PROMPT
Every line from the beginning of the data through the line containing "Charlotte Tilbury Lip" should be reproduced exactly, and no further lines should be output.

RECORDS PROVIDED
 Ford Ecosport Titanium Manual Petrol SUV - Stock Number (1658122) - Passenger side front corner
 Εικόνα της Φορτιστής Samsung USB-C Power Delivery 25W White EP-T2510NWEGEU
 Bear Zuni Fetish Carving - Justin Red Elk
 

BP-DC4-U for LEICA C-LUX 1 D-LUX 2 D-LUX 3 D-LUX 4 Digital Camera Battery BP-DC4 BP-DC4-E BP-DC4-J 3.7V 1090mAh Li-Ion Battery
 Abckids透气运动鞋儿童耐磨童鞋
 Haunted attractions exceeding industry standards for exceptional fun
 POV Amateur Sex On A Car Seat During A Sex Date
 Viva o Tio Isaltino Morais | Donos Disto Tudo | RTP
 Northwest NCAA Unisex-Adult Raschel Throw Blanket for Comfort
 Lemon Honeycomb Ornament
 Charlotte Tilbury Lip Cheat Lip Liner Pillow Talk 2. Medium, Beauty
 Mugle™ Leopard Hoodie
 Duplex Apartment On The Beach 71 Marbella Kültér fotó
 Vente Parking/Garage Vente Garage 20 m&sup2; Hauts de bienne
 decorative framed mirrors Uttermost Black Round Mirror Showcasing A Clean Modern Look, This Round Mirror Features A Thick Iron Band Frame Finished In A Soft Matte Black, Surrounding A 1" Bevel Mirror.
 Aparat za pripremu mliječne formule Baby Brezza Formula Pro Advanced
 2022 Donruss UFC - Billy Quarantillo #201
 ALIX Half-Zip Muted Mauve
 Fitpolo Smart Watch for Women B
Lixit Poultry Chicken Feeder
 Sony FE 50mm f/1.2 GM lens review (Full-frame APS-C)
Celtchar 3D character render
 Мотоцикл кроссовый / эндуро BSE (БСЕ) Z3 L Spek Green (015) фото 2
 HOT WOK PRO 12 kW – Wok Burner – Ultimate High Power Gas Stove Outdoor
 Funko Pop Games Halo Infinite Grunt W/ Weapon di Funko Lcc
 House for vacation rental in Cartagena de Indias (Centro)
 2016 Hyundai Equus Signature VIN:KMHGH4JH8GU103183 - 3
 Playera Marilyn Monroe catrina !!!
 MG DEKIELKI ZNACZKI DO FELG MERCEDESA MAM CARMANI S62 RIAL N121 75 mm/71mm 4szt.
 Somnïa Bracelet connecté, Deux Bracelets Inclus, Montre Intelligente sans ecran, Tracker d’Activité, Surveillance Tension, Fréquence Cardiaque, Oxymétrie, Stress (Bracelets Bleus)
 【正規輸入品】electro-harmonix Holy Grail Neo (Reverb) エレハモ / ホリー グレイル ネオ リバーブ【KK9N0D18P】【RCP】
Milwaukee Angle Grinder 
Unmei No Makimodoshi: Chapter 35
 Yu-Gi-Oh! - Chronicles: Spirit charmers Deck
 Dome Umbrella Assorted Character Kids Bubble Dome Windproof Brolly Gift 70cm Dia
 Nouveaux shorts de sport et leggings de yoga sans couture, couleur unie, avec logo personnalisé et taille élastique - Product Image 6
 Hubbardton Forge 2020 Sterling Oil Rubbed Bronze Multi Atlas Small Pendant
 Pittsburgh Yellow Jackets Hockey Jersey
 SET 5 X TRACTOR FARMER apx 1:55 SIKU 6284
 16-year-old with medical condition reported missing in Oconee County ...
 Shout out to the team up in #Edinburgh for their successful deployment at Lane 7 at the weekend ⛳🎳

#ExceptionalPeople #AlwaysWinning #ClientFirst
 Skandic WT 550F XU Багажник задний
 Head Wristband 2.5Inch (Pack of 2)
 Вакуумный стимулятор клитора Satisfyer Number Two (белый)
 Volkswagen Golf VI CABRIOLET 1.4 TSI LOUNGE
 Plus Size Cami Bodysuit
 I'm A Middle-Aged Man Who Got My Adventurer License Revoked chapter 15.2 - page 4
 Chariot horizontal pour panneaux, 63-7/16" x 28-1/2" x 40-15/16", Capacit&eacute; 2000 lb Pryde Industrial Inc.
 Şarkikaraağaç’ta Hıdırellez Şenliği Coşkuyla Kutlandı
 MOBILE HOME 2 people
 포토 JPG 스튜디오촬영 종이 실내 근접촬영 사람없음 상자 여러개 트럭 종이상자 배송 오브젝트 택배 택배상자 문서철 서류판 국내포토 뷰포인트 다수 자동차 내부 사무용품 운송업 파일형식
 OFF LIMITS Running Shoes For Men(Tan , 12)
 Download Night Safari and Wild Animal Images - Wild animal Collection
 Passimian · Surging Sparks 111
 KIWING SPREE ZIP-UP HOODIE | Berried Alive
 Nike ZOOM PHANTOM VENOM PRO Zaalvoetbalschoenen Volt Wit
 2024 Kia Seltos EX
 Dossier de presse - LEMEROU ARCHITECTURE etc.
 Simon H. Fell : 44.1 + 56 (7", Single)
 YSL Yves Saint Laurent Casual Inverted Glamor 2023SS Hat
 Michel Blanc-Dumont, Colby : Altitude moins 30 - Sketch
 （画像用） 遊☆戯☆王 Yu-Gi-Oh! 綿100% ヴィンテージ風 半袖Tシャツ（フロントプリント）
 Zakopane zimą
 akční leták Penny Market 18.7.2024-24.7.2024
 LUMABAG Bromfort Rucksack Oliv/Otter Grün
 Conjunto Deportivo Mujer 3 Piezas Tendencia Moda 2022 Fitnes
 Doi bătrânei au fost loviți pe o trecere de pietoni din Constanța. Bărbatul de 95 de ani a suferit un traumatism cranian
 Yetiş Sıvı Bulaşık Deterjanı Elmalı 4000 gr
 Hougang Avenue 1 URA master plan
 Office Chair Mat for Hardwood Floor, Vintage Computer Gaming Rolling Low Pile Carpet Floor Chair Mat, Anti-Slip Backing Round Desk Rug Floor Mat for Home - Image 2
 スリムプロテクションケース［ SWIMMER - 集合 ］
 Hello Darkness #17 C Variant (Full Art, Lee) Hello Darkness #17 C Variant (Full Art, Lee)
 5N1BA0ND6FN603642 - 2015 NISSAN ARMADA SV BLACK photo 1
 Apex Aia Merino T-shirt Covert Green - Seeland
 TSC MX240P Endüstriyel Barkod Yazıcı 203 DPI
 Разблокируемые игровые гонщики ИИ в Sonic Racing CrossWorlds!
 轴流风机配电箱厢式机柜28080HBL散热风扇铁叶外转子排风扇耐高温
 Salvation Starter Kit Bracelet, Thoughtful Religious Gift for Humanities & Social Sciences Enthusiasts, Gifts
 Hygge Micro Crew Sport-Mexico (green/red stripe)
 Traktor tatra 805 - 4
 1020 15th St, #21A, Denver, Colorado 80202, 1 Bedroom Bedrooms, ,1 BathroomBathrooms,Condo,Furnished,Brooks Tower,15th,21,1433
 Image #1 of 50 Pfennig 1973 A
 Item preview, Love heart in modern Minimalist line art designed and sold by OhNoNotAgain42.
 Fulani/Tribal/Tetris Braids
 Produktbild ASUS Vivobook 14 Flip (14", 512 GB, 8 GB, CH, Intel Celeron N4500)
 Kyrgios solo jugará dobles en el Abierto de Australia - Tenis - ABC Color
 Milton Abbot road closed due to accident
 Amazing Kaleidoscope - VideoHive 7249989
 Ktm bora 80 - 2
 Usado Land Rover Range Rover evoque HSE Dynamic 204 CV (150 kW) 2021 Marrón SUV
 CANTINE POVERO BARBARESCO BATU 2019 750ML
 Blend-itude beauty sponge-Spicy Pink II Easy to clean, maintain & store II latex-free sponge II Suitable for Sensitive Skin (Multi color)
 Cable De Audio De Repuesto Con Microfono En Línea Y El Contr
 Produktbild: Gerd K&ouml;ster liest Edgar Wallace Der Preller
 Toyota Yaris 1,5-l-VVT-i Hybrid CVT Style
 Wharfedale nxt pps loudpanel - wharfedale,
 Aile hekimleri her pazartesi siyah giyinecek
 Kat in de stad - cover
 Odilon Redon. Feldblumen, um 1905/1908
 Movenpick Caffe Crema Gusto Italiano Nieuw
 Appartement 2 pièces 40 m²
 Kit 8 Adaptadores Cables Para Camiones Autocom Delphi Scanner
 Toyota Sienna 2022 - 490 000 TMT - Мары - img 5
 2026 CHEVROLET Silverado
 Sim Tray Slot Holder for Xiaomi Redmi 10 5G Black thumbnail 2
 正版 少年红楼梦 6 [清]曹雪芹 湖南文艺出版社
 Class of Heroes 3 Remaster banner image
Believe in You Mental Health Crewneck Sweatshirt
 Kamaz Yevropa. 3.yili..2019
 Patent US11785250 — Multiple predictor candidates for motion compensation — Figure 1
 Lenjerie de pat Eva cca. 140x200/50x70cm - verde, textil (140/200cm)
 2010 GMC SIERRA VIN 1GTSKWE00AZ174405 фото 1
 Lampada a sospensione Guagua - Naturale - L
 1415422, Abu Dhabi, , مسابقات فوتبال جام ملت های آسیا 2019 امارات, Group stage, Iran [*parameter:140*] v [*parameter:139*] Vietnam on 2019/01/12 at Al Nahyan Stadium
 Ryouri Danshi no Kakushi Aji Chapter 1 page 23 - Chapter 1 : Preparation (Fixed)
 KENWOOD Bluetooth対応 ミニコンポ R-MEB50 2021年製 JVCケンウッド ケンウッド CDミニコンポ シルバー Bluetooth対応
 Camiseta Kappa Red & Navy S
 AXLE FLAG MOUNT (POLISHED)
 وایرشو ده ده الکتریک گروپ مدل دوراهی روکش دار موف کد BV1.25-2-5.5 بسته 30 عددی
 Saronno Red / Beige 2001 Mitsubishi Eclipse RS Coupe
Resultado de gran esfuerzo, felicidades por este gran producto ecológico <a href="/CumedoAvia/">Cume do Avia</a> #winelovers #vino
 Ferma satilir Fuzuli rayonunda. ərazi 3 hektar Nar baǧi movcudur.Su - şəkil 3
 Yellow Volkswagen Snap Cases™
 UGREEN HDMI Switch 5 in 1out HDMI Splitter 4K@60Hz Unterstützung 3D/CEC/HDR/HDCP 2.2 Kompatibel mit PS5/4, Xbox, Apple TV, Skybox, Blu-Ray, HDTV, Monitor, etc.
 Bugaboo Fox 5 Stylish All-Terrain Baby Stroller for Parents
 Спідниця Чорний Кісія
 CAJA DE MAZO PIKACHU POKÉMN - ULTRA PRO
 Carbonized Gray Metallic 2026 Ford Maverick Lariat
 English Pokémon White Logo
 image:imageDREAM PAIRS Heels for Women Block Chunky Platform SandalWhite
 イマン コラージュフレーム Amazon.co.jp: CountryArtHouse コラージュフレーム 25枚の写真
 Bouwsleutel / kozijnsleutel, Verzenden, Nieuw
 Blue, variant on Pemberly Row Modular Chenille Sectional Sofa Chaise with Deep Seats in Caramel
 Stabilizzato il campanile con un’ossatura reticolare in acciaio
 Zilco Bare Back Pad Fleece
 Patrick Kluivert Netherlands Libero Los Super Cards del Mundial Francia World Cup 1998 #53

WRITTEN REPLY
 Ford Ecosport Titanium Manual Petrol SUV - Stock Number (1658122) - Passenger side front corner
 Εικόνα της Φορτιστής Samsung USB-C Power Delivery 25W White EP-T2510NWEGEU
 Bear Zuni Fetish Carving - Justin Red Elk
 

BP-DC4-U for LEICA C-LUX 1 D-LUX 2 D-LUX 3 D-LUX 4 Digital Camera Battery BP-DC4 BP-DC4-E BP-DC4-J 3.7V 1090mAh Li-Ion Battery
 Abckids透气运动鞋儿童耐磨童鞋
 Haunted attractions exceeding industry standards for exceptional fun
 POV Amateur Sex On A Car Seat During A Sex Date
 Viva o Tio Isaltino Morais | Donos Disto Tudo | RTP
 Northwest NCAA Unisex-Adult Raschel Throw Blanket for Comfort
 Lemon Honeycomb Ornament
 Charlotte Tilbury Lip Cheat Lip Liner Pillow Talk 2. Medium, Beauty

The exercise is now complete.